The pandas DataFrame obtained with dicom2df that you want to convert back to DICOM/PNG files.

required
outdir str

Path of the directory that will contain your files at the end of the process.

required
do_image_deidentification bool

Whether or not this process will trigger the OCR deidentification for pixels.

False
test bool

This option should not be left to False anytime.

False
output_file_formats list

A list of formats. Currently supported formats are ["dcm", "png"]. Both can be used alone if you need a single output format.

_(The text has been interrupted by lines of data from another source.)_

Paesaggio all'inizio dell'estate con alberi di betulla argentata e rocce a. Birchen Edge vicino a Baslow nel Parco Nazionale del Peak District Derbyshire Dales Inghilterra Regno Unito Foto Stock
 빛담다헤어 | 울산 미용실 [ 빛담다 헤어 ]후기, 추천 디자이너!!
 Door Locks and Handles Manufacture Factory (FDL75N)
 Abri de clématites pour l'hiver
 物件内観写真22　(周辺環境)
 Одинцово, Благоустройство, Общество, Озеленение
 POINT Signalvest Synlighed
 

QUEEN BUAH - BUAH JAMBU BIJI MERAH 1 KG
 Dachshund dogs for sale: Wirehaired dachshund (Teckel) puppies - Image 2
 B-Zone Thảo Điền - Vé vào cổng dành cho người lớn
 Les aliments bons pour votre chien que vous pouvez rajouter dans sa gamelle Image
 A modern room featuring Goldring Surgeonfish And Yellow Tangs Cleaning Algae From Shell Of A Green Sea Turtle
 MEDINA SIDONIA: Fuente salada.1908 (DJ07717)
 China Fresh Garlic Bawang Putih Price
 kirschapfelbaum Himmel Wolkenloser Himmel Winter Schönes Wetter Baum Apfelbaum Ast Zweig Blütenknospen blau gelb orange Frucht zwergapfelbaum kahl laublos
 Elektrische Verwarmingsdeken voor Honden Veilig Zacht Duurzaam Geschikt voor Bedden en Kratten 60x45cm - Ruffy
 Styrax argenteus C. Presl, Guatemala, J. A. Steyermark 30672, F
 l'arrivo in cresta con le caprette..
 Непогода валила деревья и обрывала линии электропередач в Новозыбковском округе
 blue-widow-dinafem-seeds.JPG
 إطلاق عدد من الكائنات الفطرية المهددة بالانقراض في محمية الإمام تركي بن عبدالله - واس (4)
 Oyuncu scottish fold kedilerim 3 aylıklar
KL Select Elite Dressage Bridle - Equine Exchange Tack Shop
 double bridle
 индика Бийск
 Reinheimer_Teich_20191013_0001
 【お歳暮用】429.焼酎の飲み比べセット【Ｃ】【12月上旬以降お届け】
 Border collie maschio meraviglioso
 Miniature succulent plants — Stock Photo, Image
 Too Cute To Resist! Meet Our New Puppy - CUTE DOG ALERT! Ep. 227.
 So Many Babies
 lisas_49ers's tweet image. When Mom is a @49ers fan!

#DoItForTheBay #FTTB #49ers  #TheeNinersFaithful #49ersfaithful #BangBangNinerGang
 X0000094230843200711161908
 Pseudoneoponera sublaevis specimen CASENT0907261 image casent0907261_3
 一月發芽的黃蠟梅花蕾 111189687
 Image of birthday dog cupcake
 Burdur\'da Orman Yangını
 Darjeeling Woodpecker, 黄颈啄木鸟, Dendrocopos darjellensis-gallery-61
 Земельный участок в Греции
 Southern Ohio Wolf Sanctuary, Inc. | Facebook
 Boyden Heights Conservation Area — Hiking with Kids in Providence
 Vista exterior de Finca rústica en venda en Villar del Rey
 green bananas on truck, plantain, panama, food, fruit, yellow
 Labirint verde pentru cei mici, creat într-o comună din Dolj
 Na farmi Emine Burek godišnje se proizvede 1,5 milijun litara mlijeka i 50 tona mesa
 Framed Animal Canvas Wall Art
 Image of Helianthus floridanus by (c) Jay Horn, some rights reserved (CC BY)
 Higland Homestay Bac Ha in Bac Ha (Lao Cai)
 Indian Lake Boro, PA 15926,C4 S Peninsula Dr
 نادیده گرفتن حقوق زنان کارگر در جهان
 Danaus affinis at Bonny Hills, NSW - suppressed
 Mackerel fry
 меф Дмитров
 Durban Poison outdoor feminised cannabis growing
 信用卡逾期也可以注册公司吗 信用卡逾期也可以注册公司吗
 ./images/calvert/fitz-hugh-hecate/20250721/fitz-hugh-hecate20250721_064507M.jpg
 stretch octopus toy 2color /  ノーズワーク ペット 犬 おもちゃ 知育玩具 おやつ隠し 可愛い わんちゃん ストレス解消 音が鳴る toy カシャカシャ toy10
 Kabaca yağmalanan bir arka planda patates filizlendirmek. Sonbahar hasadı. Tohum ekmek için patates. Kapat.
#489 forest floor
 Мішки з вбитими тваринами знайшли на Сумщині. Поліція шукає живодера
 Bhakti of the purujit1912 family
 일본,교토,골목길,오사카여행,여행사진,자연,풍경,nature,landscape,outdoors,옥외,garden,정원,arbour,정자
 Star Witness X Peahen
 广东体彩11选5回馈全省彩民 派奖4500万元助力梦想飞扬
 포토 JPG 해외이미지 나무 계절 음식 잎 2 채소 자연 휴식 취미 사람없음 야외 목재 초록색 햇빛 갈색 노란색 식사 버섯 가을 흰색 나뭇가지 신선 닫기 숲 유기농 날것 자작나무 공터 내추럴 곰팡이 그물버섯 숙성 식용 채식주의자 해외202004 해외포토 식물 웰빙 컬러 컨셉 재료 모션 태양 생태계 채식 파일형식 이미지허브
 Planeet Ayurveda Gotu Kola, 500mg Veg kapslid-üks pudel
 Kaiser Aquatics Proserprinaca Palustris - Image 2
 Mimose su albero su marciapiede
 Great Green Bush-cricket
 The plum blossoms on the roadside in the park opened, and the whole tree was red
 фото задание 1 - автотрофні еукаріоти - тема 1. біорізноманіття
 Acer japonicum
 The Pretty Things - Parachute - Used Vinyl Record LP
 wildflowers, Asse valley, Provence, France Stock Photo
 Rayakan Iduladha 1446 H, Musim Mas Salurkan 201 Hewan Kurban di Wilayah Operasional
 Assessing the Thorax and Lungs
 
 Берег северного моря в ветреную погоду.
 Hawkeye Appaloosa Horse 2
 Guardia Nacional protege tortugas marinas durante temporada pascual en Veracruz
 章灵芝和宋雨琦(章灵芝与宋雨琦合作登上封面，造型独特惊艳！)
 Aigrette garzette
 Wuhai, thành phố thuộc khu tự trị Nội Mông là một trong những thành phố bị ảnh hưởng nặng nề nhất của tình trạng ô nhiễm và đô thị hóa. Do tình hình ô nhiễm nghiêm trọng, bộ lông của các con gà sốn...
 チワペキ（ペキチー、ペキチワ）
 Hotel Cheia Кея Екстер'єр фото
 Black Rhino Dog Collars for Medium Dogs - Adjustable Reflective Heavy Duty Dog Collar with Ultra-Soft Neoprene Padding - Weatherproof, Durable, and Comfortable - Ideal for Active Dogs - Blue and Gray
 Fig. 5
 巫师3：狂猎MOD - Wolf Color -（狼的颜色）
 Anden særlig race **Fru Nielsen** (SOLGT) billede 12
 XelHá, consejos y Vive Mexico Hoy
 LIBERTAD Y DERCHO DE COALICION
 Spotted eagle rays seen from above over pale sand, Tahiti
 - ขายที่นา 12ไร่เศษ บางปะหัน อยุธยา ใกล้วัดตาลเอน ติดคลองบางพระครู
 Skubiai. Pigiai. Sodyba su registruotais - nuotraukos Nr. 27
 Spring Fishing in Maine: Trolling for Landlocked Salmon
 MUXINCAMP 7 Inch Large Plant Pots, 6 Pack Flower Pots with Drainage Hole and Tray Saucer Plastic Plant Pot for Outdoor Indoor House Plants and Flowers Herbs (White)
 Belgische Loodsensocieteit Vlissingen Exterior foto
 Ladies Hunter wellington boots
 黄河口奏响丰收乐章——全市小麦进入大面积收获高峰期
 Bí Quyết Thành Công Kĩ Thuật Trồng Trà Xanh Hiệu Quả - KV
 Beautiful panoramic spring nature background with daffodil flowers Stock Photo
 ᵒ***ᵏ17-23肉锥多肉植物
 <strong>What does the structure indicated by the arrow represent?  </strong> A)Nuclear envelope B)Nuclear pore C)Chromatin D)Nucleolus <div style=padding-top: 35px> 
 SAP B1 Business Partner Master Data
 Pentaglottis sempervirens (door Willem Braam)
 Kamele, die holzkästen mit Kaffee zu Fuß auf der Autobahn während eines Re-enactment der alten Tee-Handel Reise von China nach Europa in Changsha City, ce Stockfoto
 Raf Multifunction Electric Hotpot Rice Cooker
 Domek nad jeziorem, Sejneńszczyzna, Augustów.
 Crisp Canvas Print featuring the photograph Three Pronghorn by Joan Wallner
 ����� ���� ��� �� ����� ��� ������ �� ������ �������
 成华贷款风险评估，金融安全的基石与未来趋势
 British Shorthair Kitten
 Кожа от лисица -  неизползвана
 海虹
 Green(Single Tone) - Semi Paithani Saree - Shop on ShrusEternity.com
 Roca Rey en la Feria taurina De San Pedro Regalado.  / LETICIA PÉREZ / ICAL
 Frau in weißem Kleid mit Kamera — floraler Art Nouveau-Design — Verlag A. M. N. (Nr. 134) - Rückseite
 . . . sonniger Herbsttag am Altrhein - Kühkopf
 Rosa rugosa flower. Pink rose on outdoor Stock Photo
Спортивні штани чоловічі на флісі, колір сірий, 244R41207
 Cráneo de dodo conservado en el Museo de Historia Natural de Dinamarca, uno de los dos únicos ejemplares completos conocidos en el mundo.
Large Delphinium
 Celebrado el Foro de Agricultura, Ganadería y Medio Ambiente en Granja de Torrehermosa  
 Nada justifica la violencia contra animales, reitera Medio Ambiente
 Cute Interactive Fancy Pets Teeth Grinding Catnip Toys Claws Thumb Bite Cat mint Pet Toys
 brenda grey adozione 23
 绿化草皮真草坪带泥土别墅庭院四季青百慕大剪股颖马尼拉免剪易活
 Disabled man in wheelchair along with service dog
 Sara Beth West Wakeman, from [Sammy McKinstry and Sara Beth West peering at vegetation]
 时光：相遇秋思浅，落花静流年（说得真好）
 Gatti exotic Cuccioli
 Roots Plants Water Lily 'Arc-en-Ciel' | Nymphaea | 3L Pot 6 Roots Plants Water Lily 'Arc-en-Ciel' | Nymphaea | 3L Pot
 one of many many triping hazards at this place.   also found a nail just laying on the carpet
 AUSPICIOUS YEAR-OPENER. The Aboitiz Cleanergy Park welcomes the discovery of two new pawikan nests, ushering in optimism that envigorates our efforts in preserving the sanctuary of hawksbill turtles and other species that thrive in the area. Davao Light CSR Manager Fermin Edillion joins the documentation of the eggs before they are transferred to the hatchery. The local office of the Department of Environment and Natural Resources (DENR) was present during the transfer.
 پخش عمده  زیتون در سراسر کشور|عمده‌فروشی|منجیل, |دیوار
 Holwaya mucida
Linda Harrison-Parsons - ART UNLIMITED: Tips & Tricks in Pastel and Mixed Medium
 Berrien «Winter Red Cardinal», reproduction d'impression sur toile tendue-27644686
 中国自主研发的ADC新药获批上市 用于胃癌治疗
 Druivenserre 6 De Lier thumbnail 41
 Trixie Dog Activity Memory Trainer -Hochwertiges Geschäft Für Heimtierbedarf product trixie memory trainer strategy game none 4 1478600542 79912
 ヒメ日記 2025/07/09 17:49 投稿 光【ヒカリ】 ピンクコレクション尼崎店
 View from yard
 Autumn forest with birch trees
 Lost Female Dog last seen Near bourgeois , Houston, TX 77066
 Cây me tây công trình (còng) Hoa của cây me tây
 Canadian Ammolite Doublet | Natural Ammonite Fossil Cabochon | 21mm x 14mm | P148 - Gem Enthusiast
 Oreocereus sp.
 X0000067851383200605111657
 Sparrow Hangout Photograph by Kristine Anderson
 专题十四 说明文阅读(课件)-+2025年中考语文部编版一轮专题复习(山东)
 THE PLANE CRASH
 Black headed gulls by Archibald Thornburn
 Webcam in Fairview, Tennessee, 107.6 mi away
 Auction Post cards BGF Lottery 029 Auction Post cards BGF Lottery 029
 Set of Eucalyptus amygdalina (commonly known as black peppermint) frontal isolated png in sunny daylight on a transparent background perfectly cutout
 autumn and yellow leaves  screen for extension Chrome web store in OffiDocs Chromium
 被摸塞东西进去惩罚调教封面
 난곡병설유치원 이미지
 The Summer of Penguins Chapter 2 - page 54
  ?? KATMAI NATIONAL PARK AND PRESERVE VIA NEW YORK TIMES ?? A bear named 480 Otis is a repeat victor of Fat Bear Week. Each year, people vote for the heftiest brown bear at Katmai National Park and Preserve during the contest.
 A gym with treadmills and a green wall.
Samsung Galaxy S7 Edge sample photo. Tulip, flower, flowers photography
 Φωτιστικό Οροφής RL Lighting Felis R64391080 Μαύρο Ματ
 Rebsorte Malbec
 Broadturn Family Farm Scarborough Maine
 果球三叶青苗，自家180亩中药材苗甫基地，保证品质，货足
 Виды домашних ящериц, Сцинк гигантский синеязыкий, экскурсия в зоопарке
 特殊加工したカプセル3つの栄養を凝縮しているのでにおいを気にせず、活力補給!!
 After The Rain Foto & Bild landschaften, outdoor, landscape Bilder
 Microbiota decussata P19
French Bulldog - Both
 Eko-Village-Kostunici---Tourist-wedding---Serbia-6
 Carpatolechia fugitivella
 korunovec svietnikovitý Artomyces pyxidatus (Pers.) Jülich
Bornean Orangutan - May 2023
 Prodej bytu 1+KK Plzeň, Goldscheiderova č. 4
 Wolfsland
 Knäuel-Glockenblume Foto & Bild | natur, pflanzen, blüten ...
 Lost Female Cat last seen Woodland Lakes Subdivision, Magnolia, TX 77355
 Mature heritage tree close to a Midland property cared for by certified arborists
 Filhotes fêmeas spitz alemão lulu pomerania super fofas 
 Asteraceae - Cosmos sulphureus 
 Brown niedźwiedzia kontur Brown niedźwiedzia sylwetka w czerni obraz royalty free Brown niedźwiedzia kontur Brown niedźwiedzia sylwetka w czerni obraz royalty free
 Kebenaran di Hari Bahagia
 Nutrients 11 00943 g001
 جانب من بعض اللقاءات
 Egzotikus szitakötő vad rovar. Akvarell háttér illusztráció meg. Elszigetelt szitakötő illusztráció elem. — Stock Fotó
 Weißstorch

If you select "png", the process will produce a PNG for each line of df

None
Example

In the following example, we have a directory containing a single DICOM file.

deidentify_attributes_and_pixels.py
1
2
3
4
5
6
7
8
9
from deidcm.dicom.df2dicom import df2dicom
from deidcm.dicom.deid_mammogram import deidentify_attributes

# First part of the deidentification process (Attribute deidentification)
df = deidentify_attributes(indir='/path/to/indir', outdir='/path/to/outdir', org_root='15681.1344456.1444', erase_outdir=False)
df.to_csv(os.path.join(outdir, 'meta.csv'))

# Second part of the deidentification process (OCR deidentification)
df2dicom(df, outdir='/path/to/outdir_folder', do_image_deidentification=True)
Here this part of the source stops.